Requirement =
Copy the records below exactly, leaving out every picture.

Data provided =
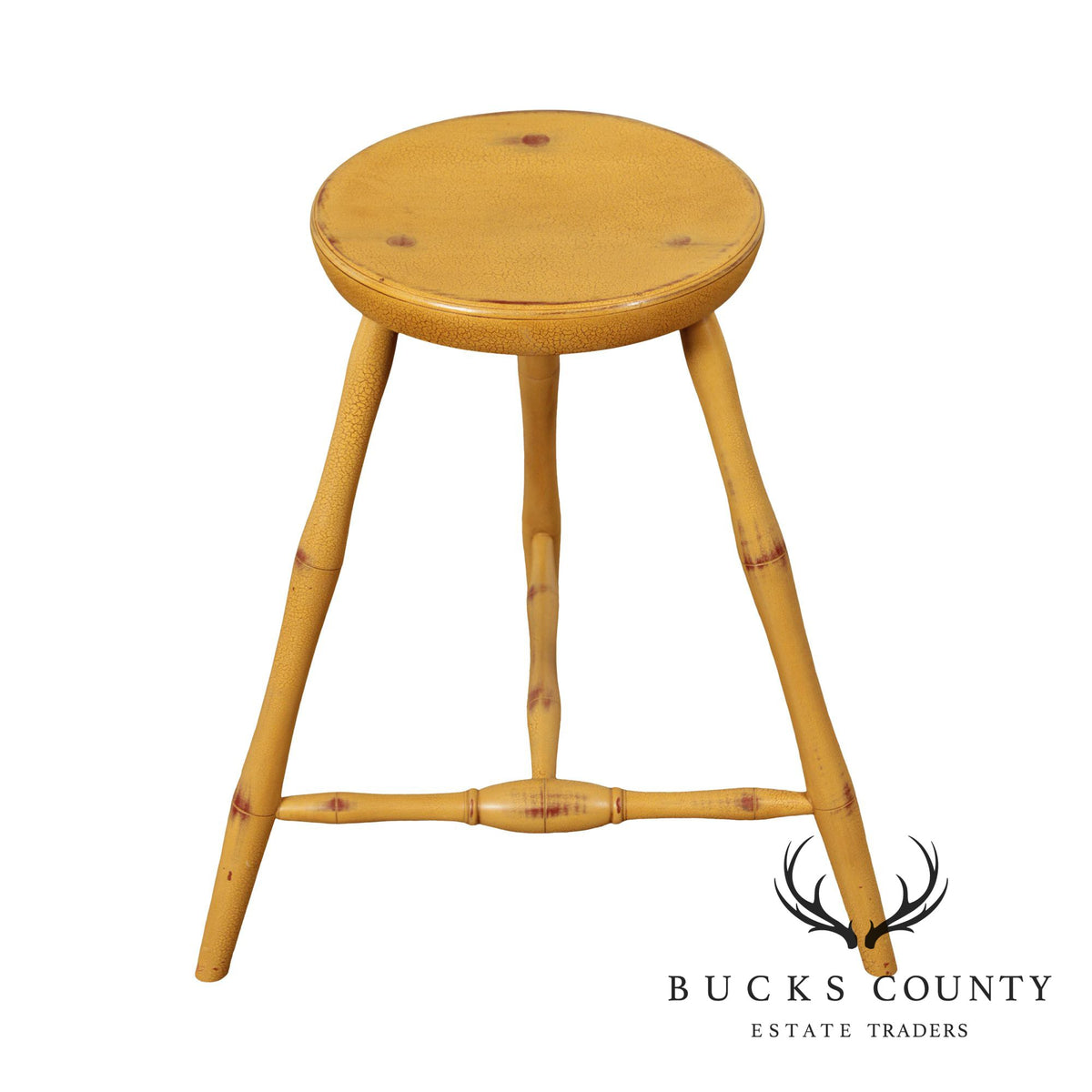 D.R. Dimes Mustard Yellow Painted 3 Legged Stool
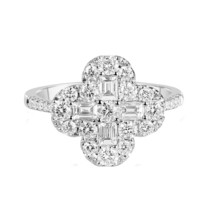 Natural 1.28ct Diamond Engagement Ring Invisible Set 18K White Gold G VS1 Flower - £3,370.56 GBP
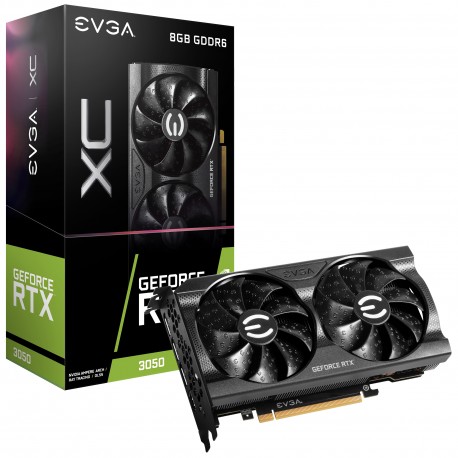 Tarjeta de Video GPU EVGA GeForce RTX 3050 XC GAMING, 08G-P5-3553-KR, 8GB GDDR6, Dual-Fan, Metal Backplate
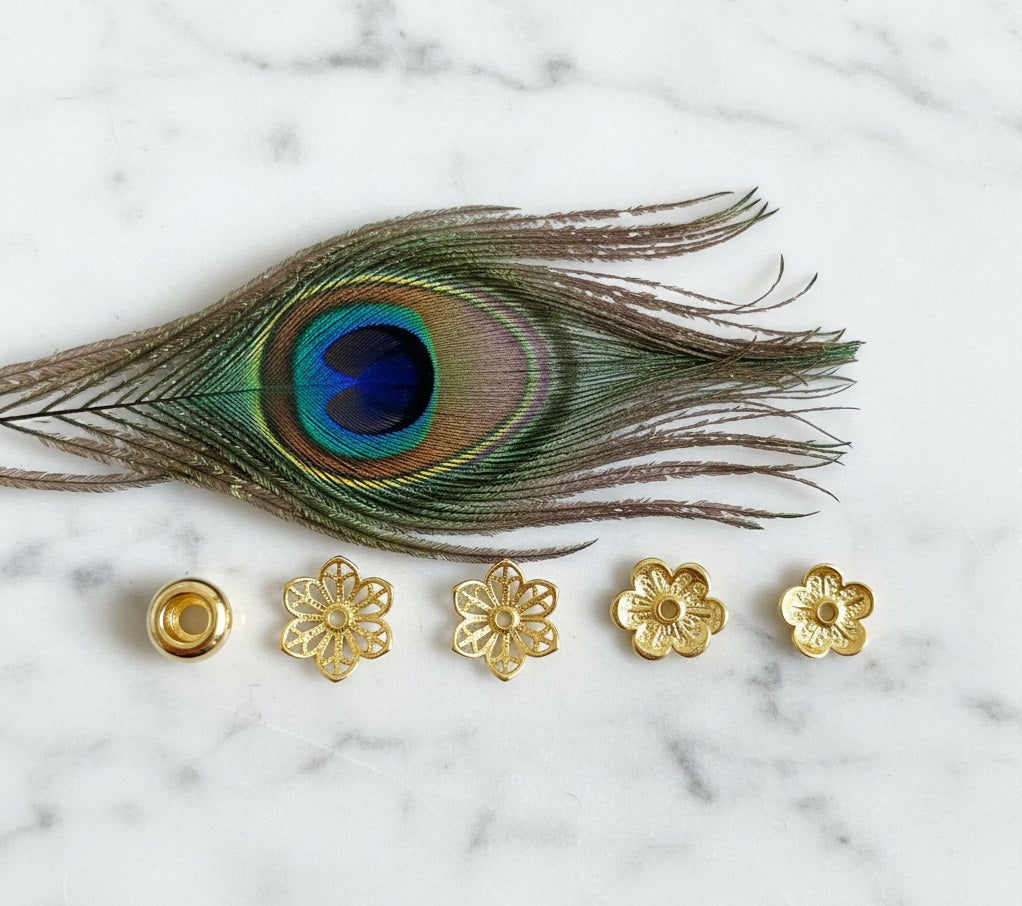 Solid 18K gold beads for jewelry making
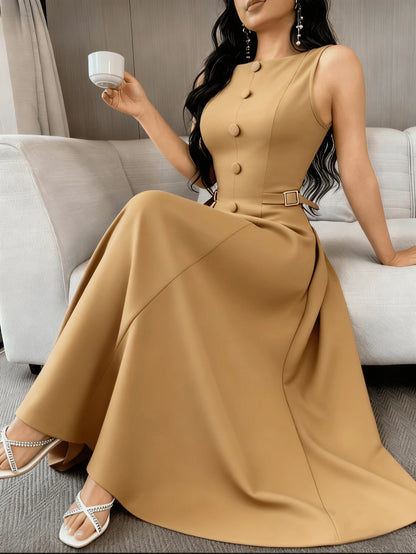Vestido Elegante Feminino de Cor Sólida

Problem solution =
 D.R. Dimes Mustard Yellow Painted 3 Legged Stool
 Natural 1.28ct Diamond Engagement Ring Invisible Set 18K White Gold G VS1 Flower - £3,370.56 GBP
 Tarjeta de Video GPU EVGA GeForce RTX 3050 XC GAMING, 08G-P5-3553-KR, 8GB GDDR6, Dual-Fan, Metal Backplate
 Solid 18K gold beads for jewelry making
Vestido Elegante Feminino de Cor Sólida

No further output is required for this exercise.